• WORK TO COMPLETE:
Write out the listing below character for character, though without its pictures.

• RAW DATA:

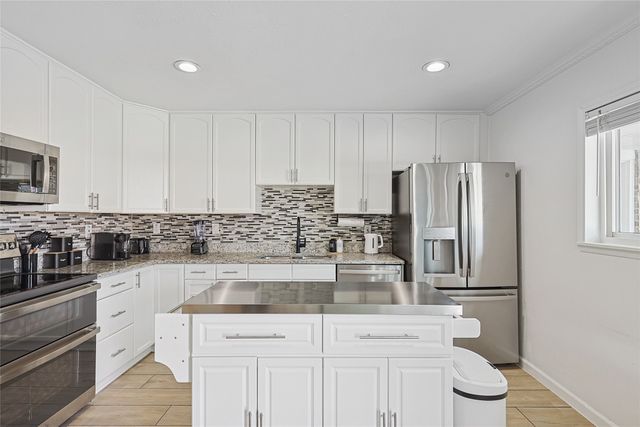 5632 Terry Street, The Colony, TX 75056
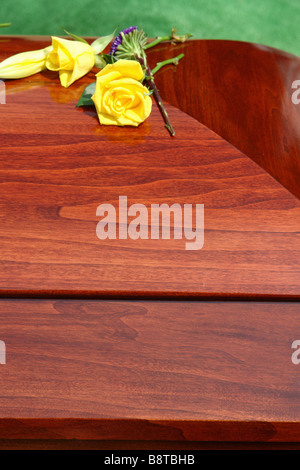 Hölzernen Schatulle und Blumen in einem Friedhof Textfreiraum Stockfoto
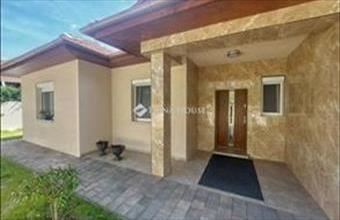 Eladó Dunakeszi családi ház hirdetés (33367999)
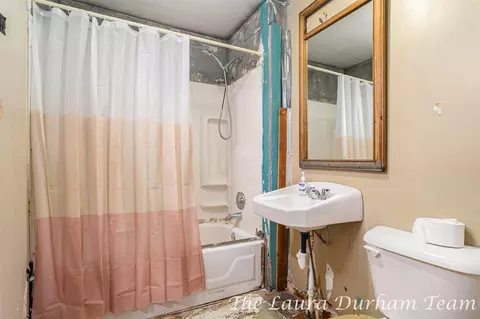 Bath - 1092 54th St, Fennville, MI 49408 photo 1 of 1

• EXERCISE ANSWER:
 5632 Terry Street, The Colony, TX 75056
 Hölzernen Schatulle und Blumen in einem Friedhof Textfreiraum Stockfoto
 Eladó Dunakeszi családi ház hirdetés (33367999)
 Bath - 1092 54th St, Fennville, MI 49408 photo 1 of 1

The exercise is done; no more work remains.